- R coding example is added (sample.R) based on multiple received requests (2024-06-16)
- cMCA is from: Fujiwara and Liu, "Contrastive multiple correspondence analysis (cMCA): using contrastive learning to identify latent subgroups in political parties." PLOS ONE, vol. 18, no.7, e0287180 (20 pages), 2023. PLOS ONE, arXiv
- cMCA finds principal components along which a target categorical dataset has more variance when compared to a background categorical dataset.

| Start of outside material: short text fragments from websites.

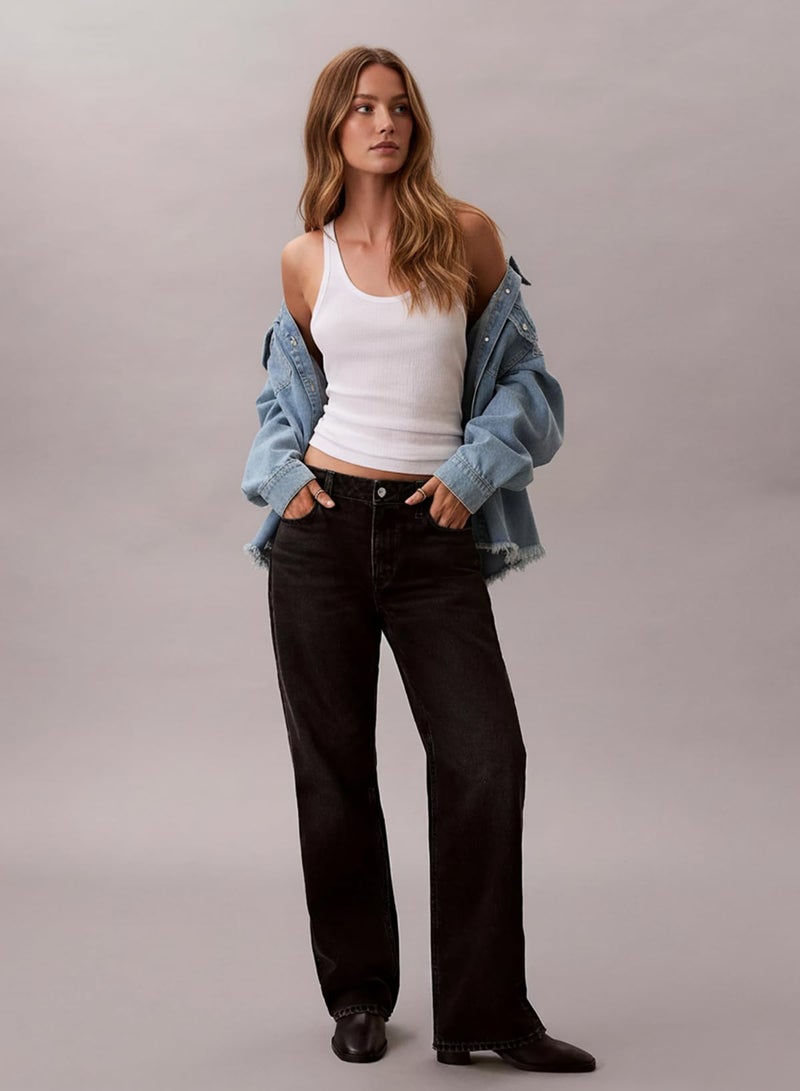 Dokotoo Women's Oversized Denim Jacket Casual Long Sleeve Denim Shirts Distresse Jean Jacket Fall Outfits 2025 Sky Blue Medium - Image 5
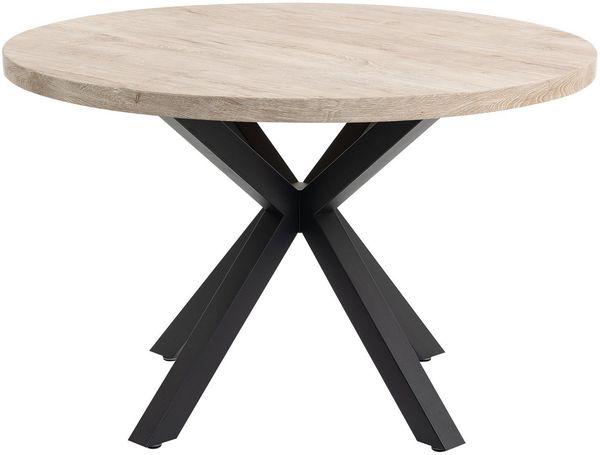 Duo Collection Esstisch Damira Tisch rund BESTSELLER, Massives Metallgestell, Belastbarkeit bis 100 kg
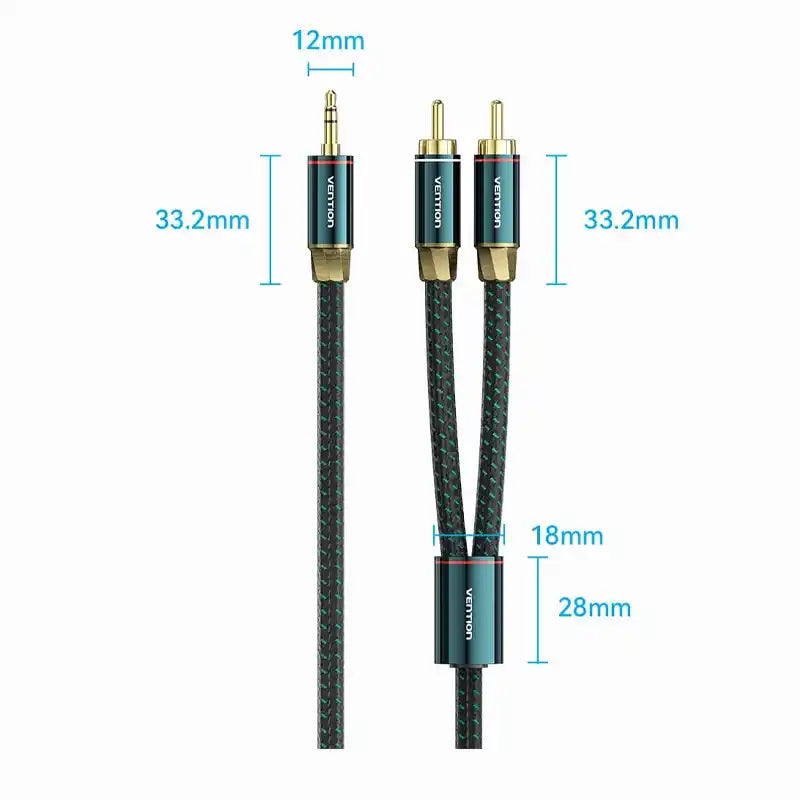 3.5mm to RCA Audio Cable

- This implementation also integrates automatic selection of a contrast parameter (a hyperparameter of cMCA), which is originally developed for contrastive principal component analysis (cPCA) in: Fujiwara et al., "Network Comparison with Interpretable Contrastive Network Representation Learning", Journal of Data Science, Statistics, and Visualisation, 2022. JDSSV, arXiv
- Other use cases (using machine maintenance data) can be found in: Zhan et al., "A Visual Analytics Approach for the Diagnosis of Heterogeneous and Multidimensional Machine Maintenance Data." Proc. PacificVis, 2021. IEEE Xplore
- Python3
- R users can still utilize cMCA library by using reticulate package. Examples can be found in sample.R
- Note: Tested on macOS Sonoma, Ubuntu 22.0.4 LTS, and Windows 10.
-
Install with pip3. Move to the directory of this repository. Then,
pip3 install .
-
Import installed modules from python (e.g.,
from cmca import CMCA
). See sample.py for examples. -
For detailed documentations, please see doc/index.html or directly see comments in cmca/cmca.py.
-
To use cMCA from R, you can utilize reticulate package. See sample.R
- Data type conversions are important for several case. For example:
- When identifying optional parameters of cMCA with R integer values, convert like
n_components=as.integer(2)
(otherwise, 2 is considered as an index data type) - cMCA returns outputs as numpy objects in general. So, to convert in R native objects, use
py_to_r
. Example code to convert numpy array to r matrix object can be found in sample.R (nparr_to_rmat
function).
- When identifying optional parameters of cMCA with R integer values, convert like
- sample.R covers only a part of sample.py. Other remaining examples can be implemented if requested.
- Data type conversions are important for several case. For example:
Please, cite:
- Fujiwara and Liu, "Contrastive multiple correspondence analysis (cMCA): using contrastive learning to identify latent subgroups in political parties." PLOS ONE, vol. 18, no.7, e0287180 (20 pages), 2023.